Семен Васильевич, видимо, обрадовался, что дальше кота дело не пошло. Он даже облегченно вздохнул и делает шаг по направлению к Терентию Петровичу.
– Не обижайтесь, Семен Васильевич! Человек выпивший, словам удержу нет. А что касается того, что вы лично с Матрены Щетинкиной взяли петуха, а с Акулины Степановны – окорок, а с Васильевны – гуся, жирного-прежирного, а Матрена Егоровна принесла вам за женские болезни миску сливочного масла, то об этом говорить не будем. В писании у попа так и записано два лозунга: «Дающая рука не оскудеет» и «Отруби себе ту руку, которая себе не прочит». Бабы действуют по первому лозунгу, а вы, значит, по второму. Прошу извинения, Семен Васильевич!.. Не будем об этом говорить. Бывайте здоровеньки!
Семен Васильевич пятится задом к двери, шевелит усами. А Терентий Петрович идет дальше.
Тося и Шуров идут по улице. Позади Алеша и Петя.
– Что за странный человек Терентий Петрович? – недоумевает Тося.
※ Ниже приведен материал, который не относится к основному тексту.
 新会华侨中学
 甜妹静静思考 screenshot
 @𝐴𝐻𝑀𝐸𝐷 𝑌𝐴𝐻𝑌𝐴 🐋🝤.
– Честнейший из всех, – говорит Шуров. – Трудолюбив до бесконечности. Он теперь обойдет те дворы, которые заслуживают общественного порицания. Но вот беда: как бы сделать, чтобы смелость приходила к нему трезвому? Я давно об этом думаю.
– И вы обязательно придумаете. Все придумаете! Вы всех насквозь видите.
– Нет, Тося. Я вот и самого себя, кажется, еще не вижу.
Петя толкает Алешу в бок:
– Давай уйдем. Видишь, разговорились.
Алеша стоит потупясь. Петя отходит, по Алеша смотрит вслед Тосе и не двигается с места.
– Ты что, окаменел? Пойдем! – зовет Петя. Он снова возвращается к Алеше. Смотрит на его лицо, сдвигает фуражку на глаза, смотрит вслед Шурову и Тосе.
Маленький, крытый железом, уютный домик Шурова. Палисадничек. Небольшая клумба разбита для посадки цветов.
Шуров и Тося подошли к палисадничку.
– Так. Завтра начинаются напряженные дни – сев. Давайте отдыхать, – Он подает руку Тосе.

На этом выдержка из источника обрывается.